Berkeley Lab’s ArrayUDF Tool Turns Large-scale Scientific Array Data Analysis Into a Cakewalk

January 2, 2018

Linda Vu, lvu@lbl.gov, +1 510.495.2402

From right to left: Suren Byna, John Wu and Bin Dong

A novel scalable framework developed by researchers in the Lawrence Berkeley National Laboratory’s (Berkeley Lab’s) Computational Research Division (CRD) and at UC Merced is improving scientific productivity by allowing researchers to run user-defined custom analysis operations on large arrays of data with massively parallel supercomputers, while leaving complex data management and performance optimization tasks up to the underlying system.

After running a series of performance evaluations, the CRD researchers also showed that their framework—ArrayUDF—performs tens to thousands of times faster than current state-of the-art big data management systems, such as Apache SPARK, SciDB and RasDaMan. ArrayUDF can also handle cases where existing data management systems fail due to massive memory requirements on each compute node. Their findings were published in the Proceedings of the 26th International Symposium on High-Performance Parallel and Distributed Computing (HPDC).

Recently, astronomers in the Laser Interferometer Gravitational-Wave Observatory (LIGO) collaboration leveraged ArrayUDF to discover two colliding neutron stars, a never before seen cosmic event that is providing valuable insights into the origin of the universe’s heavy elements.

“By allowing users to focus on the logic of their applications instead of cumbersome data management tasks, we hope to significantly improve scientific productivity,” says Kesheng “John” Wu, who leads CRD’s Scientific Data Management Group and is a co-author on the paper. The group was created more than 25 years ago to develop data management tools so scientists could focus on their research, instead of worrying about managing their data.

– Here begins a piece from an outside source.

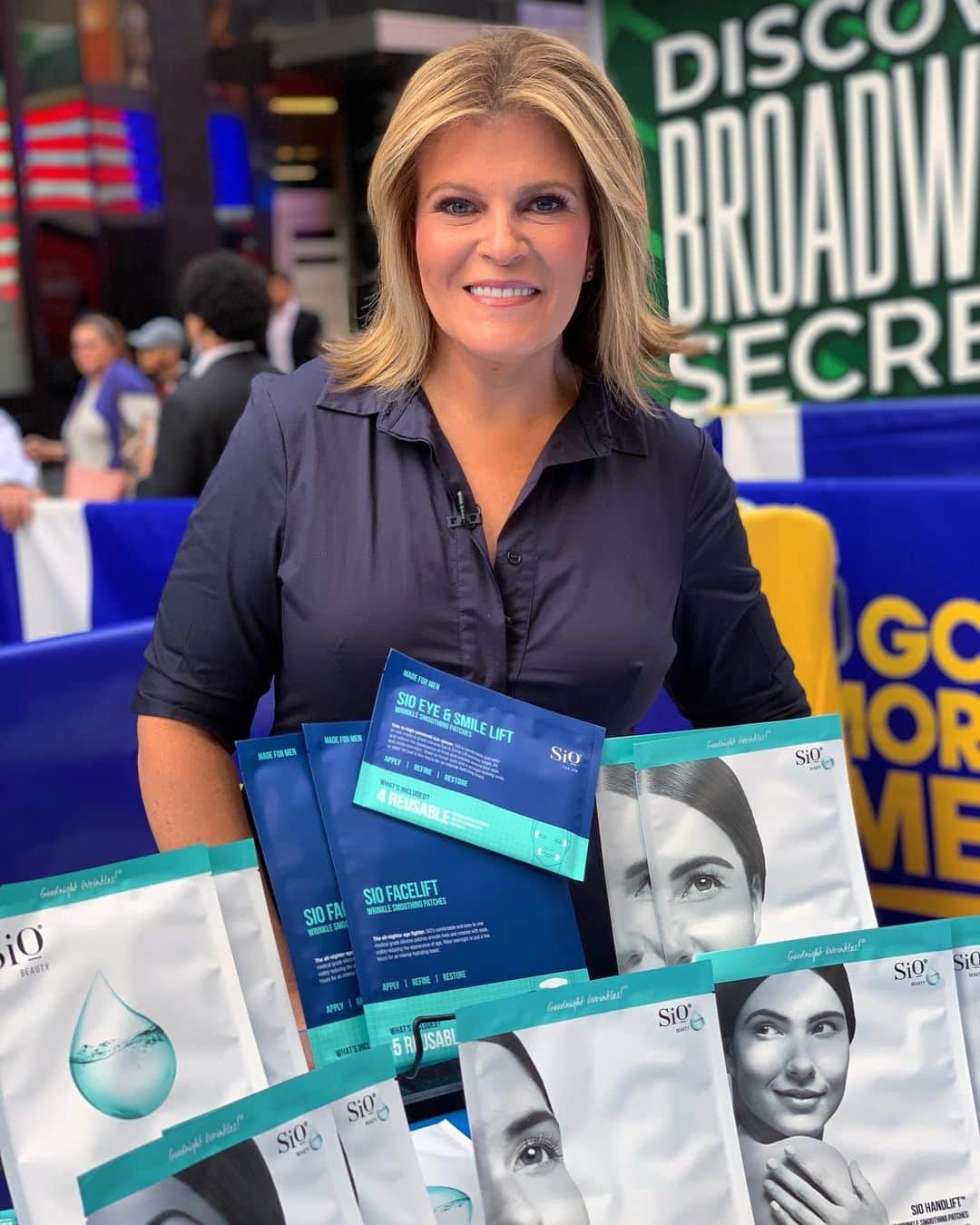 Good Morning Americaさんのインスタグラム写真 - (Good Morning AmericaInstagram)「🎵If I could turn back tiiiime.🎵 @toryjohnson has a special two-day edition of #GMADeals & Steals focused on beauty solutions to help you turn back the clock! ⏰ Shop now at link in bio!」8月1日 0時53分 - goodmorningamerica
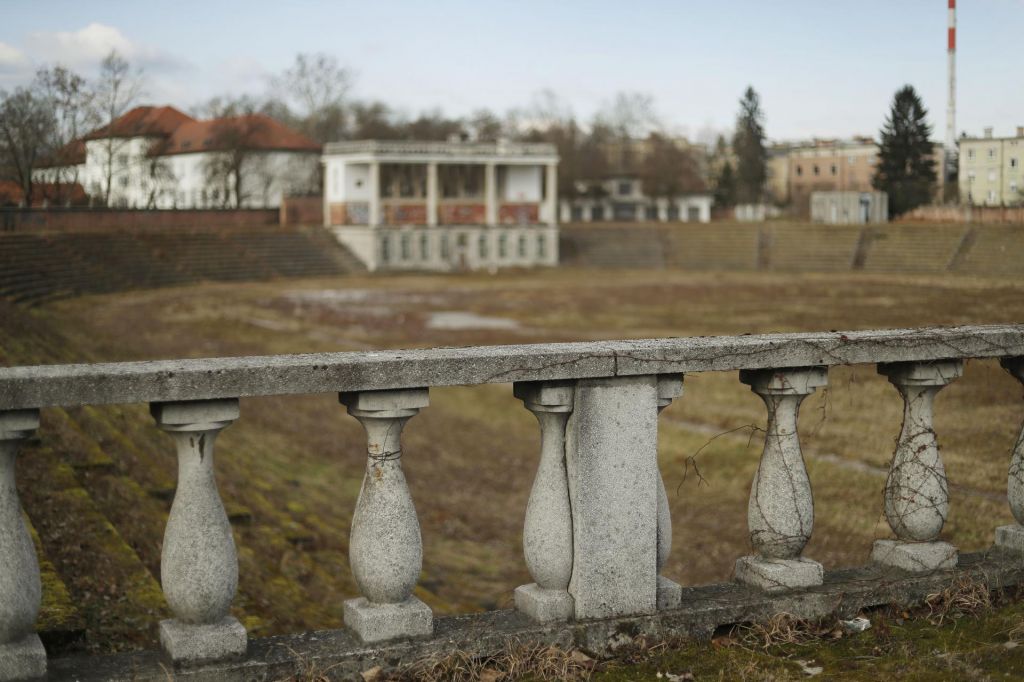 Mrtvi tek sprtih, stadion pa propada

According to Wu, running analysis operations on large multi-dimensional data structures is an essential part of the scientific process, allowing researchers to extract meaningful insights. For instance, an array of data collected year-round by instruments in a watershed could help scientists understand the seasonal trends of that particular ecosystem in terms of temperature, rainfall, pressure, carbon dioxide levels, etc. Although data management systems like Apache SPARK, SciDB and RasDaMan are widely used today, many of these systems are not optimized to work with large multi-dimensional array structures or have limitations that make them inefficient for scientific analysis tasks. What makes ArrayUDF different is that it was designed with the needs of scientific users in mind.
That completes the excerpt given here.